Habitué à utiliser son image de mec coincé, il s’aventure dans un vrai rôle dramatique et s’en sort remarquablement face à une Emma Stone forcément exceptionnelle et à Benny Safdie tout en bagouzes. Dans une séance de question réponses il a fait cette révélation assez surprenante : jouer avec des bagues aux doigts et divers bracelets lui ont donné une confiance en lui toute nouvelle, voyant son assurance dans le regard des autres, qui l’ont trouvé hyper cool. Vous savez ce qu’il vous faut pour aborder le monde avec assurance.

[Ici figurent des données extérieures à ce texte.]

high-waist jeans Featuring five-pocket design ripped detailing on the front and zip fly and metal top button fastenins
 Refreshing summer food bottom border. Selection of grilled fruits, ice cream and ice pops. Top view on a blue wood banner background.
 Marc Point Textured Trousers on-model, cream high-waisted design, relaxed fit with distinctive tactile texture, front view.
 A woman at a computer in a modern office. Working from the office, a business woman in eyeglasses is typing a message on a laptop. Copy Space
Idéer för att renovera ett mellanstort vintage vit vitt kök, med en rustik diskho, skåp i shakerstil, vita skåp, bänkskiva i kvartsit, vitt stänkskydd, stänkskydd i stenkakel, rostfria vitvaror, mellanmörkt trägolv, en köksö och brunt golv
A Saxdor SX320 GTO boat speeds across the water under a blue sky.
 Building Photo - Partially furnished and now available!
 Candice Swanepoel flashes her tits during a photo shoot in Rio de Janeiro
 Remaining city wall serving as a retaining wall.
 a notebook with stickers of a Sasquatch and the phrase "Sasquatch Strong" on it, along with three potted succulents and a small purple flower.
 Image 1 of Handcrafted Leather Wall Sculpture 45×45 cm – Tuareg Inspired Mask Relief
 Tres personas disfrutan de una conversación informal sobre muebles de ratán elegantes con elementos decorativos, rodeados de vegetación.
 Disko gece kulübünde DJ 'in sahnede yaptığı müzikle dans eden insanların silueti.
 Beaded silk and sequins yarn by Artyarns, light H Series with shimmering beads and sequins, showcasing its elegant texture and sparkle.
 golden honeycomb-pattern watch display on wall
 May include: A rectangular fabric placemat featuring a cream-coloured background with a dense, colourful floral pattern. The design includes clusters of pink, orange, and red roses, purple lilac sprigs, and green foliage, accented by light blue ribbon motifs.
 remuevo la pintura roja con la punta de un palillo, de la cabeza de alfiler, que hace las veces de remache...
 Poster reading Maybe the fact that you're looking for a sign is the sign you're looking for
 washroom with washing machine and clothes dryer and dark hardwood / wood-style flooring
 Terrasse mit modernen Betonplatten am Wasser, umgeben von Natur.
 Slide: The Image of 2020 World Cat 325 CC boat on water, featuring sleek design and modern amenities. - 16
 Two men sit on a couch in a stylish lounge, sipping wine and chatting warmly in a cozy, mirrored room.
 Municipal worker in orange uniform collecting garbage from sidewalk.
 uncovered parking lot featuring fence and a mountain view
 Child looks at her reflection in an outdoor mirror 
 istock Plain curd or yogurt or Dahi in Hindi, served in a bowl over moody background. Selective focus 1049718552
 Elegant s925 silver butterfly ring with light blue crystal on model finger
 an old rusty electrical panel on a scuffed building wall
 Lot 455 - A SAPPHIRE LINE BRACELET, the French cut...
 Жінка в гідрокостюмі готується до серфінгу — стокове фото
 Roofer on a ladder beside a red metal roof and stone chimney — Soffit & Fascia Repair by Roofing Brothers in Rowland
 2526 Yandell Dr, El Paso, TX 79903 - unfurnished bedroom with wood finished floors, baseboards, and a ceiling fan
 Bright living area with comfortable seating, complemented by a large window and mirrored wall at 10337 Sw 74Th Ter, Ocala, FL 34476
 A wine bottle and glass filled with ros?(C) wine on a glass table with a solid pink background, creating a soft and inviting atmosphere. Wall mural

La Reine verte et le bouffon
La force de la série est cette galerie de personnages que l’on a trop peu l’habitude de voir dans les séries actuelles. Caricaturer les bonnes âmes étant particulièrement rares. Car bien que mégalos, Whit et Ash s’efforcent de faire le bien, du moins de faire les bonnes actions qu’ils pensent que l’on attend d’eux. Croulant sous le poids de la culpabilité (aux USA, on parle de White guilt), Whit porte le fardeau de ses parents, propriétaires boomers qui n’ont aucun scrupule à couillonner les natifs ou à les expulser (Corbin Bensen méconnaissable), et Ash qui se montre au petit soin pour ses locataires illégaux - le génialement indolent Barkhad Abdi en père de famille squatteur.
Les personnages sont plus à plaindre qu’à détester. Il est difficile d’avoir un avis définitif sur ce trio insatisfait qui doit faire bonne figure coûte que coûte. On prend Asher pour un type mesquin et terne, on découvre par la suite qu’il est plus dépassé qu’autre chose par les événements. Dougie est certes faux et manipulateur, mais on voit bien sa souffrance et sa bizarrerie. Et Whit peut sembler la plus humaine au début, mais c’est peut-être bien le personnage le plus détestable.
C’est très grinçant, et on se demande comment une telle série a pu voir le jour en 2023 avec les networks actuels. On pense à du Altman pour la façon de filmer et la construction de personnages aussi peu politiquement correct. Un bel exemple est le personnage de Cara Durand (Nizhonniya Austin), artiste native américaine qui a pleinement conscience des faiblesses de ce couple et qui les exploitent avec froideur. Sa performance dans la galerie étant un sommet de la série.
Mais vous l’avez compris après ces quelques lignes, The Curse ne s’adresse pas à tout le monde, ce n’est pas la série comique feelgood à la mode où le public prend plaisir à s’identifier aux personnages. Certains épisodes sont sombres, lents et reposent essentiellement sur l’atmosphère et un ton différent. Ce qui est déjà énorme à mon sens.
Flipanthropy
La façon de filmer peut décontenancer ou même désintéresser. Souvent en dézoom, vue de l’extérieur, à travers une vitre déformante, ça peut irriter où vous déconnecter de l’action. Mais ce style n’est pas qu’une coquetterie stylistique, je pense que c’était même le seul possible pour préserver le spectateur. Les échanges et les situations sont parfois si gênants qu’on n’a pas envie de se placer trop près de la source de malaise. Le spectateur épie de loin à travers une portière ou derrière une baie vitrée les B.A déconnectées de la réalité de Whitney et Asher.
Après avoir joué avec le surnaturel pendant les 9 premiers épisodes, le 10è pousse les curseurs à fond, peut-être trop. Il propose une issue absolument imprévisible - qui était prévue dès le départ selon les auteurs - longue comme un accouchement, qui ne manque pas de se produire. Ash étant expulsé du monde au moment même où sa femme met au monde leur enfant. Est-ce vraiment son fils d’ailleurs ? Est-ce un cauchemar ? ou la fameuse malédiction dont Dougie serait responsable avec l’aide de la petite fille dont les pouvoirs seraient vrais ? Tout est possible. Mais l’important n’est pas là.
The Curse est la série la plus singulière et dérangeante de 2023.